Search code examples
pythonmachine-learningscikit-learnone-hot-encodingfeature-engineering

OneHotEncoding after LabelEncoding


In Sklearn how can I do OneHotEncoding after LabelEncoding in Sklearn.

What i have done so far is that i mapped all the string features of my dataset like such.

# Categorical boolean mask
categorical_feature_mask = X.dtypes==object
# filter categorical columns using mask and turn it into a list
categorical_cols = X.columns[categorical_feature_mask].tolist()

After that i applied this to the dataset columns, with indexing like such:

X[categorical_cols] = X[categorical_cols].apply(lambda col: le.fit_transform(col))

My results were not super good, so what I want to do, is that I want to use ÒneHotEncoding to see if performance is improved.

This is my code:

ohe = OneHotEncoder(categorical_features = categorical_cols)
X[categorical_cols] = ohe.fit_transform(df).toarray()

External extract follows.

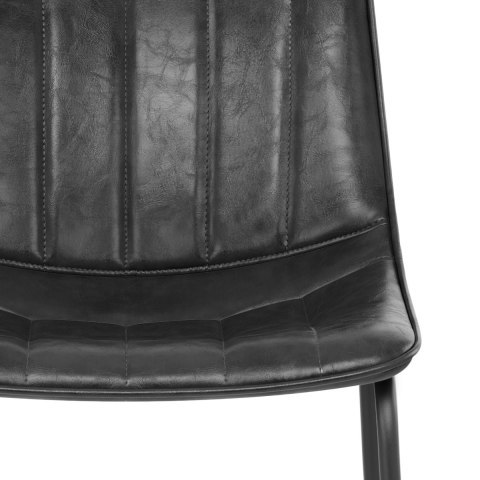 Industrial style modern black faux leather bar stool with metal frame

I have tried different approaches, but what i try to accomplish here is using the OneHotEncoding technique to overwrite the features.


Solution

  • OneHotEncoder directly supports categorical features, so no need to use a LabelEncoder prior to using it. Also note, that you should not use a LabelEncoder to encode features. Check LabelEncoder for features? for a detailed explanation on this. A LabelEncoder only makes sense on the actual target here.

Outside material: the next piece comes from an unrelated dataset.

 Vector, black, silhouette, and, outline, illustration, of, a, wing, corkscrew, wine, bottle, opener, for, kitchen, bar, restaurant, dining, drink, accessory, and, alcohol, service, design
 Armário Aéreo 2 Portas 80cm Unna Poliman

    So select the categorical columns (df.select_dtypes is normally used here), and fit on the specified columns. Here's a sketch one how you could proceed:

    # OneHot encoding categorical columns
    oh_cols = df.select_dtypes('object').columns
    X_cat = df[oh_cols].to_numpy()
    oh = OneHotEncoder()
    one_hot_cols = oh.fit(X_cat)
    

    Then just call the transform method of the encoder. If you wanted to reconstruct the dataframe (as your code suggests) get_feature_names will give you the category names of the categorical features:

    df_prepr = pd.DataFrame(one_hot_cols.transform(X_cat).toarray(),
                            columns=one_hot_cols.get_feature_names(input_features=oh_cols))